The above picture shows a sheet including a table SEPARATED THAN CELL (1,1).

Moreover the sheet might include several tables (listobjects in VBA).

I can not find anywhere the way to read them into pandas.

Note1: It is not possible to modify the workbook to bring all the tables towards cell(1,1). Note2: I would like to use just pandas (if it is possible) and minimize the need to import other libraries. But it there is no other way I am ready to use other lybray. In any case I could not manage with xlwings for instance.

here it looks like its possible to parse the excel file, but no soilution is provided for tables, just for complete sheets.
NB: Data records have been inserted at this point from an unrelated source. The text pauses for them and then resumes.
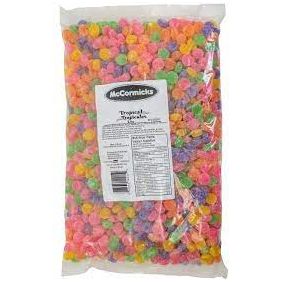 McCormicks Tropical Jellies 2.5kg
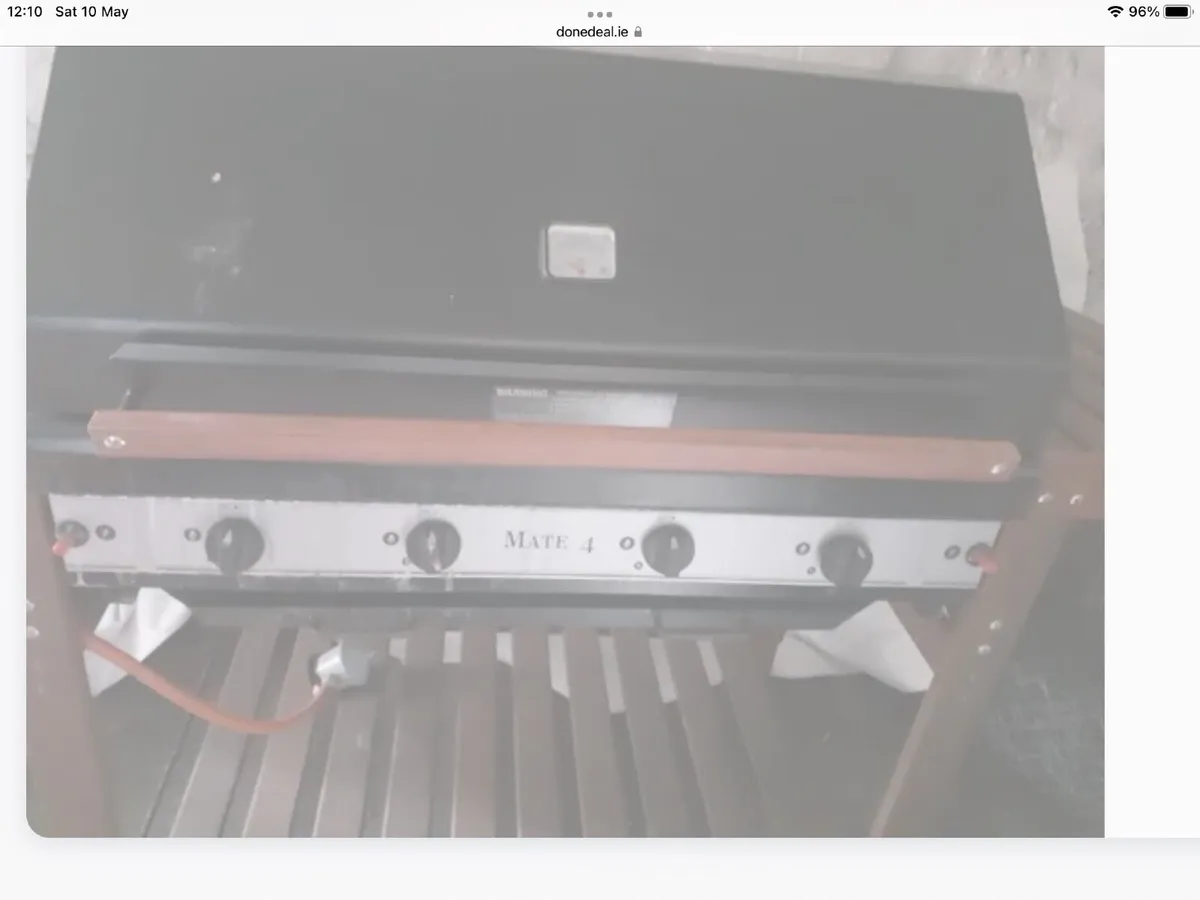 Barbecue - Image 2
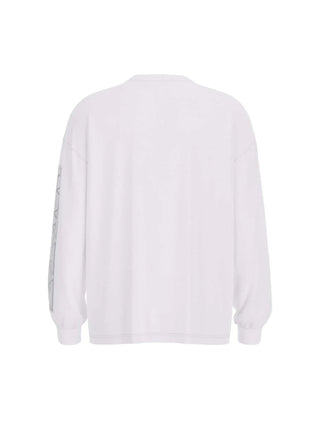 MEN'S T-SHIRT - GUESS ATHLEISURE WHITE - Z5BI11 I3Z14 2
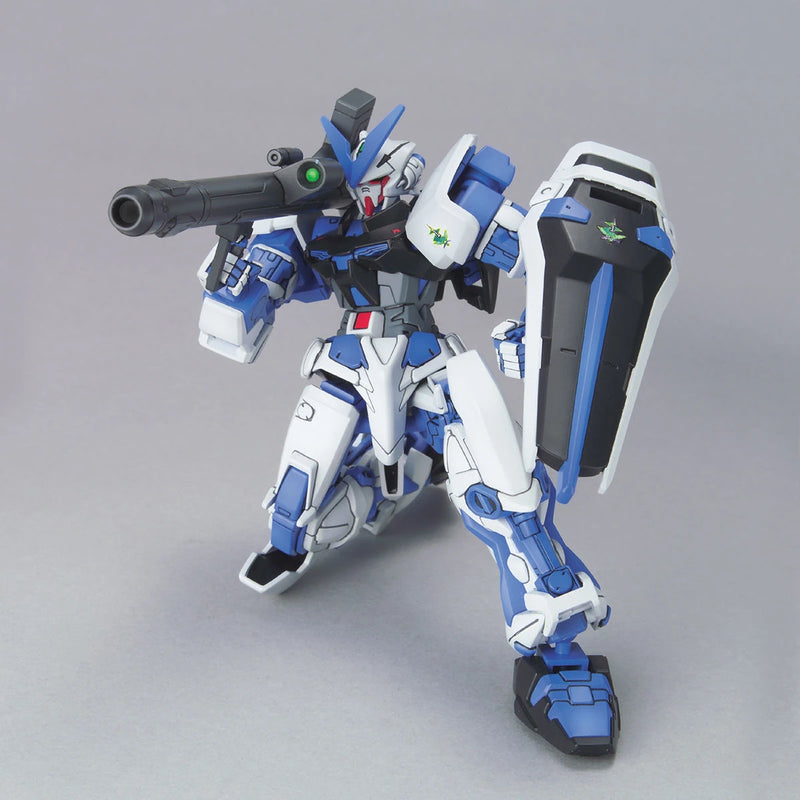 [[PRE-ORDER]] HG 1/144 #13 Gundam Astray Blue Frame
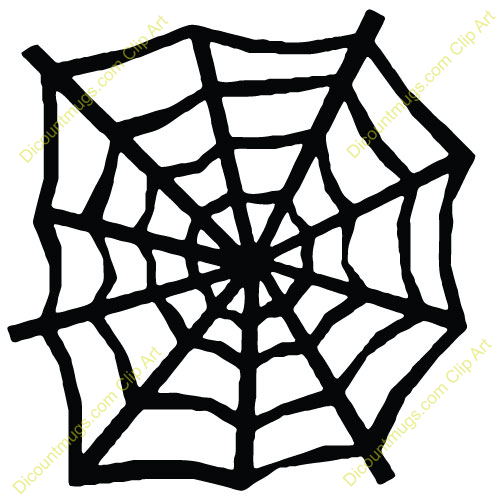 Free Cartoon Spider Web, Download Free Cartoon Spider Web png images ...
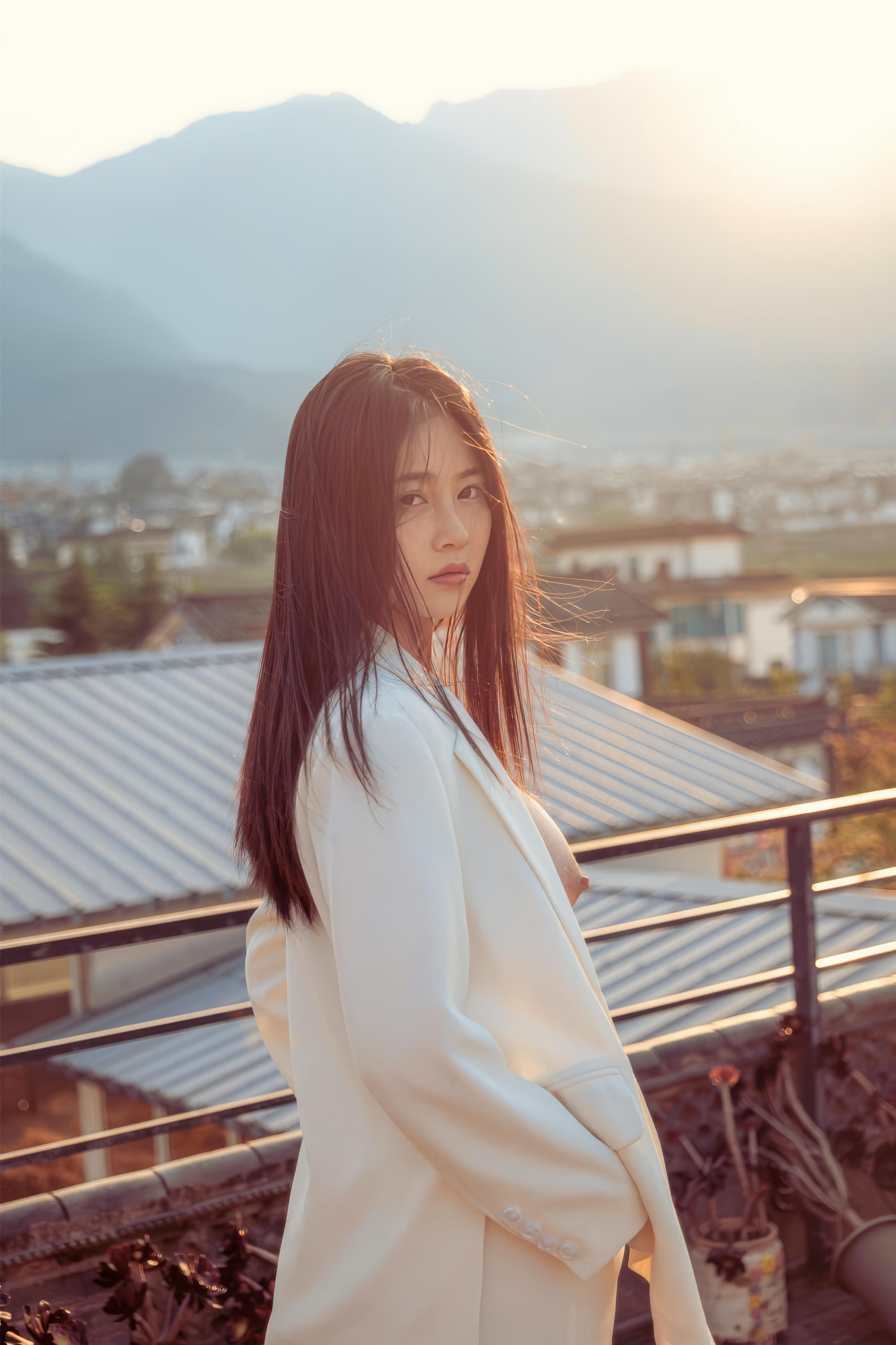 年年 NO.097 日出 [45P 134MB]_第2集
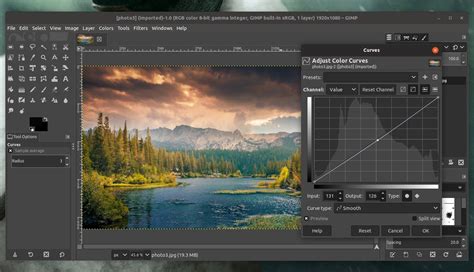 Image result for GIMP Open Source Software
The documentation of pandas does not seem to offer that possibility.

Thanks.


Solution

  • I understand that this question has been marked solved already, but I found an article that provides a much more robust solution: Full Post

    I suppose a newer version of this library supports better visibility of the workbook structure. Here is a summary:

    1. Load the workbook using the load_workbook function from openpyxl
    2. Then, you are able to access the sheets within, which contains collection of List-Objects (Tables) in excel.
    3. Once you gain access to the tables, you are able to get to the range addresses of those tables.
    4. Finally they loop through the ranges and create a pandas data-frame from it.

    This is a nicer solution as it gives us the ability to loop through all the sheets and tables in a workbook.